Life as a Summons with David Brooks


            Lately, a book keeps coming to my mind that I think has some strong points on character that I have found helpful. I thought I would share one of the strongest points of the book.
            David Brooks (The Road to Character, 2015) refers to two different classes of virtues we write in the course of our lives. One class is the resume virtues. The resume is the career-oriented, ambitious side of our nature. We want to conquer. We want to build, create, produce, and discover things. We have high status and win victories. This resume focuses upon the external matters. We are creative and savor our accomplishments. We want to venture forth into the world and away from home. Brooks will opine that resume virtues in our culture suggests that our accomplishments can provide a deep sense of satisfaction. However, the desires of the resume virtues are infinite. We will never find genuine happiness and satisfaction focusing upon them. The second class of virtues is funeral virtues. They are the virtues we hope people might highlight at our funeral. We want to obey a calling to serve the world. These are the inner virtues, the moral qualities we want to develop. We want more than to do well. We want to be good. We want to love intimately, to sacrifice self in the service of others, to live in obedience to some transcendent truth, to have a cohesive inner soul that honors creation and our possibilities.
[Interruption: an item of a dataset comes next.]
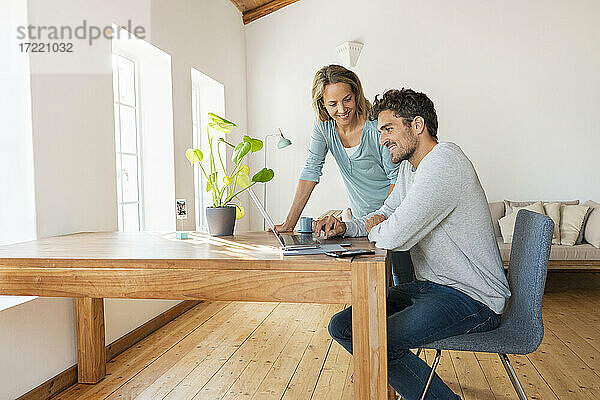 Schöne Frau  die einen Mann ansieht  der an einem Laptop arbeitet  während er auf einem Schreibtisch im Büro zu Hause sitzt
We might renounce worldly success and status for the sake of some sacred purpose. A primary question we answer in the funeral virtues is why we are here. We often want to return home, savor our roots, and savor the warmth of a family meal.
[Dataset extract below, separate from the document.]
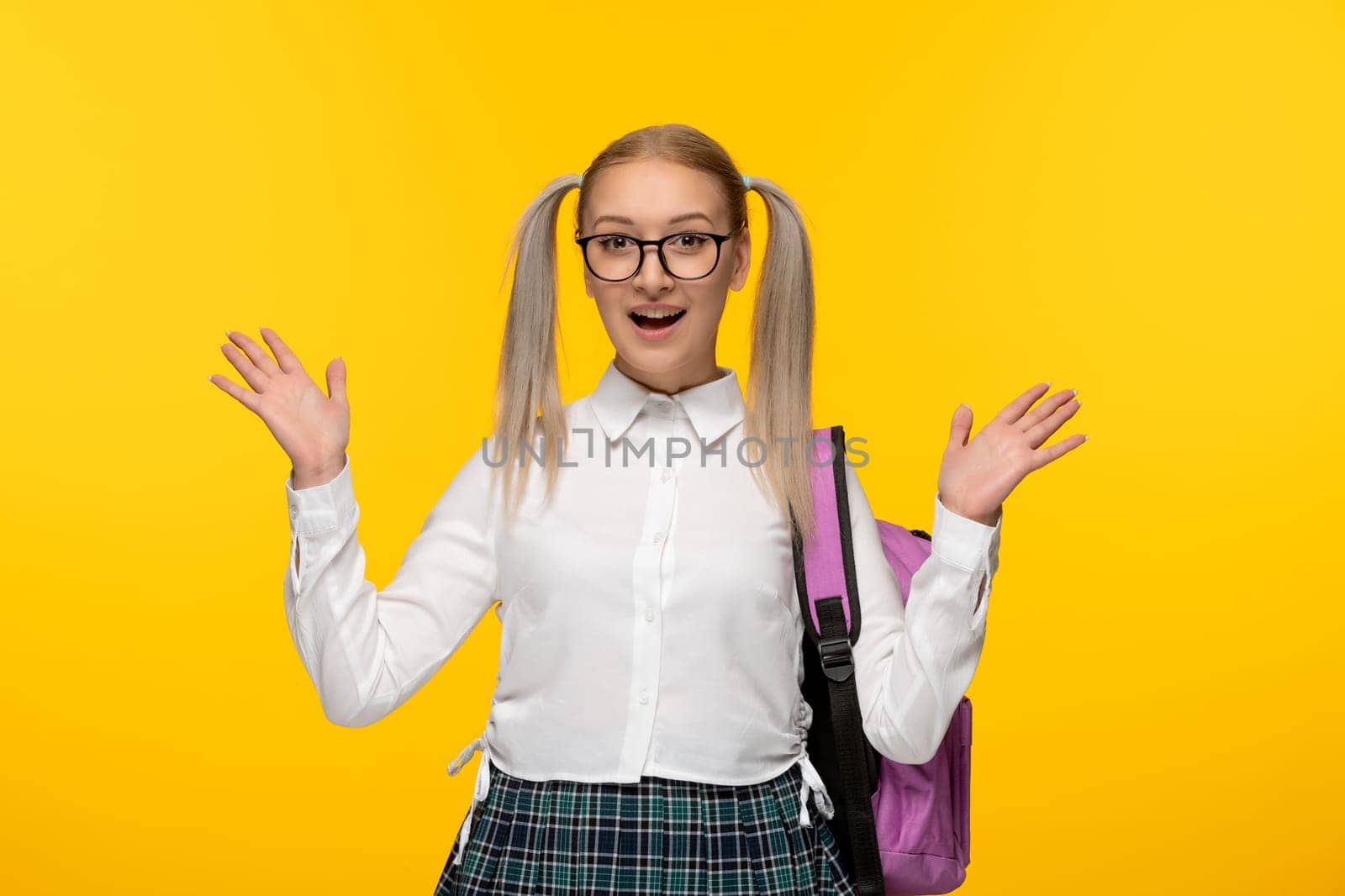 world book day blonde excited girl with backpack on yellow wallpaper with glasses by Kamran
The art of living is learning to balance the building resume virtues as they confront the funeral virtues. Confrontation is the proper word, for the resume logic is utilitarian. Effort leads to reward. Practice makes perfect. Pursue self-interest. Maximize your utility. Impress the world. Cultivate your strengths. The funeral virtue is a moral logic. You have to give to receive, surrender to something outside yourself, and conquer your desire to get what you crave. Success can lead to pride. Failure can lead to great success. In order to fulfill yourself, forget yourself. In order to find yourself, you have to lose yourself.  Confront your weaknesses.
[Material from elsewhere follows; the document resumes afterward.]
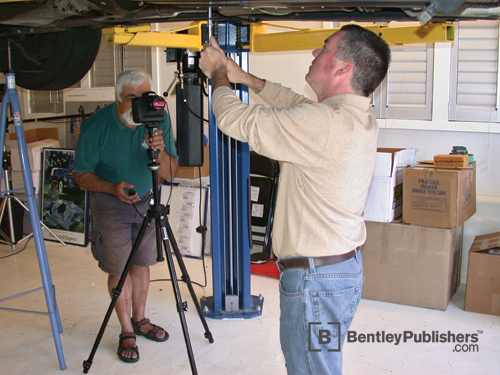 Bentley technical editors photographing fuel filter replacement.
The art of living will involve cultivating humility, a “going down” before you can “rise up.” This concern for pride going before the fall is part of the journey. Yet, the journey does not mean they receive healing of their weaknesses. One can find a vocation or calling. One can commit to some long obedience and dedicate oneself to something that gives life its purpose.

In Chapter 2, Brooks refers to the importance of responding to a summons. He refers to the idea of discovering your passion, trusting feelings, and finding purpose. The assumption in such language is that the answer is inside of us. Therefore, the first step in the business plan of your life is to take an inventory of your gifts and passions, set your goals, and adopt a strategy to accomplish the goals. As William Ernest Henley put it in his poem “Invictus,” 

I am the master of my fate
I am captain of my soul.
 
It appeals to our sense of individual autonomy and fascination with self. It answers the question, “What do I want from life?” In contrast, Brooks says, if we focus upon the funeral virtues, the question to which we respond is “What does life want from me? What are my circumstances calling me to do?” We respond to the summons of life. It begins with our embeddedness in a community of people, circumstances, and inter-relations. Frederick Buechner famously put it, “At what points do my talents and deep gladness meet the world’s deep need?” Viktor Frankl, in Man’s Search for Meaning (1946), said that it did not matter what we expected from life, but what life expected from us. We need to stop asking about the meaning of life and instead think of ourselves as those of whom life asks questions. He concluded that life had given him a moral and intellectual assignment. Such a calling or vocation feels like the person has no choice in the matter. In reality, of course, any of us can run away. We will usually do so with dire results. If one pursues it, however, one’s life becomes unrecognizable without the calling.

            Much food for thought (I know that is a cliché, but maybe a good phrase here) at this stage of my life. I need to chew on it for a while. I thought it might be good spiritual food for you as well.